OGDEN, Utah (AP) -- The trial in Guatemala of two men accused of killing Ogden architect Brett Richards during the robbery of his tour bus may continue for another two weeks, but the Utah group that went there to testify was expected to return Thursday.
Brett Richards' widow Becky, cousin Patty Allen and father Maurice; Maurice's wife Patricia; Val and Marcella Morley of Provo; and tour guide Joe Allen were under heavy guard during their stay their this week.
The local government and the U.S. Embassy provided the extra security, with funding help from the Guatemalan Institute of Tourism. The institute also paid the expenses of the seven Americans.
Brett Richards, 52, was shot to death in a confrontation with five or six bandits who overtook the tour bus.
Henry Gabriel, 27, and Marvin Berganza, 29, were later arrested when they allegedly turned up on a store video using Val Morley's stolen credit card, police said.
Neither was believed to be the trigger man.

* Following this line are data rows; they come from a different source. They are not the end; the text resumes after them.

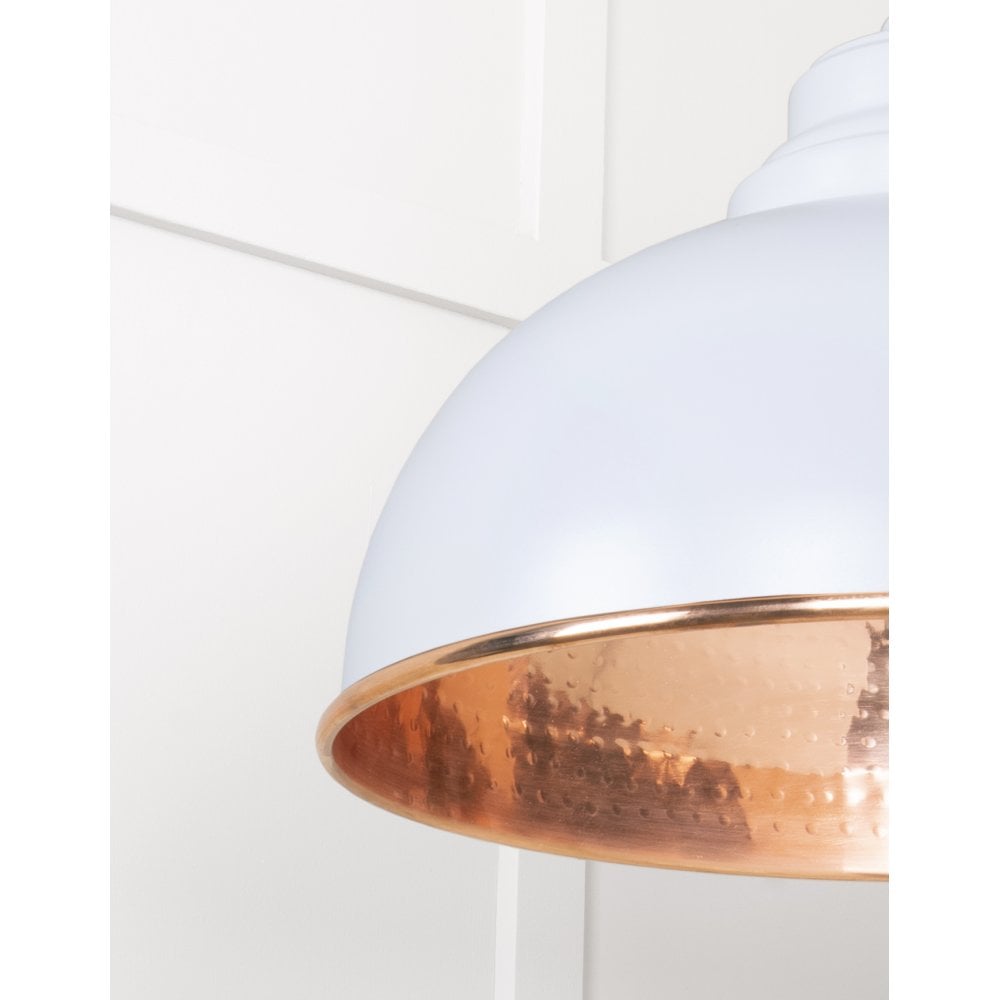 From The Anvil Hammered Copper Harborne Pendant - Birch (Pale Grey)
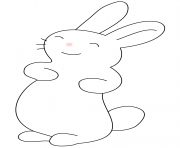 Coloriage paques tete de lapin facile dessin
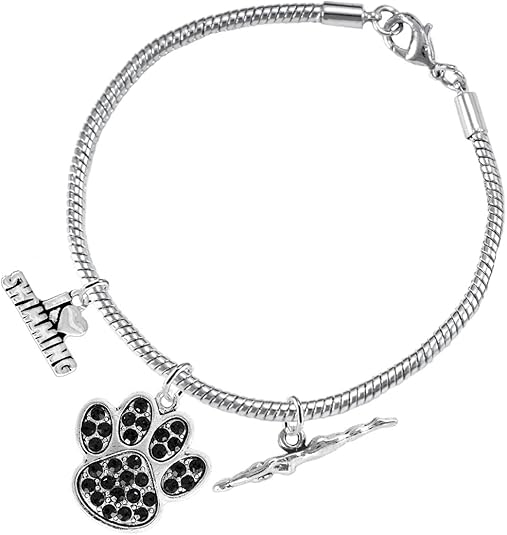 Swimming 3 Charm Black Crystal Paw Bracelet Hypoallergenic, Safe-Nickel, Lead & Cadmium Free!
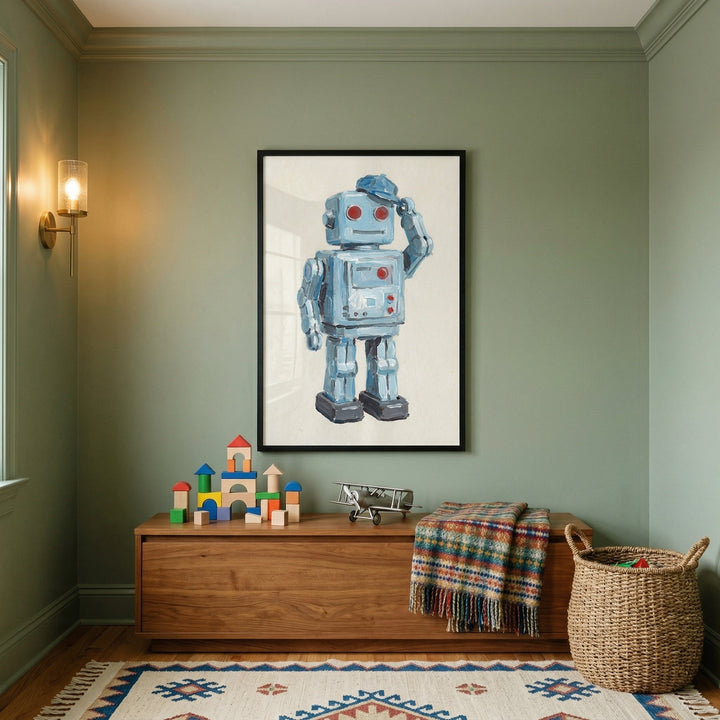 A cozy child's room features soft sage-green walls and light-toned wood accents. Centered on the wall is a framed art piece featuring a light-blue vintage-style robot with red eyes and a blue cap, depicted in a saluting pose against a neutral textured background. Below the artwork sits a long wooden storage chest. 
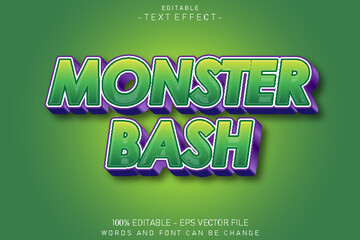Monster bash editable text effect 3 d emboss style Design
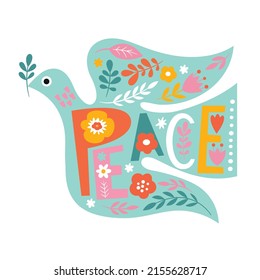 Peace Pigeon, symbol of peace illustration, lettering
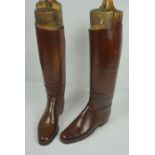 Pair of Ladies Tan Leather Riding Boots, With fitted Wooden trees, Size 6, Boots 42cm high, (2)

The seven Utahns spent all of Tuesday testifying in a small courtroom in Quetzaltenango, recounting the Jan. 7, 2004, murder.
They returned to Guatemala City Wednesday for their flight back to the United States.
A three-judge panel is presiding over the non-jury trial.
Witnesses still to be called include local police and U.S. FBI agents who did a great deal of technical and forensic work in the case, Brett Richards' brother Reed Richards told the Standard-Examiner.
Reed Richards also was on the tour bus but was not asked to testify. He was in touch by phone with the group nightly.
"The trial is definitely run more by the judges than the prosecutor, unlike the U.S. system," said Richards, former chief deputy Utah attorney general. "The judges routinely ask about half the questions of the witnesses."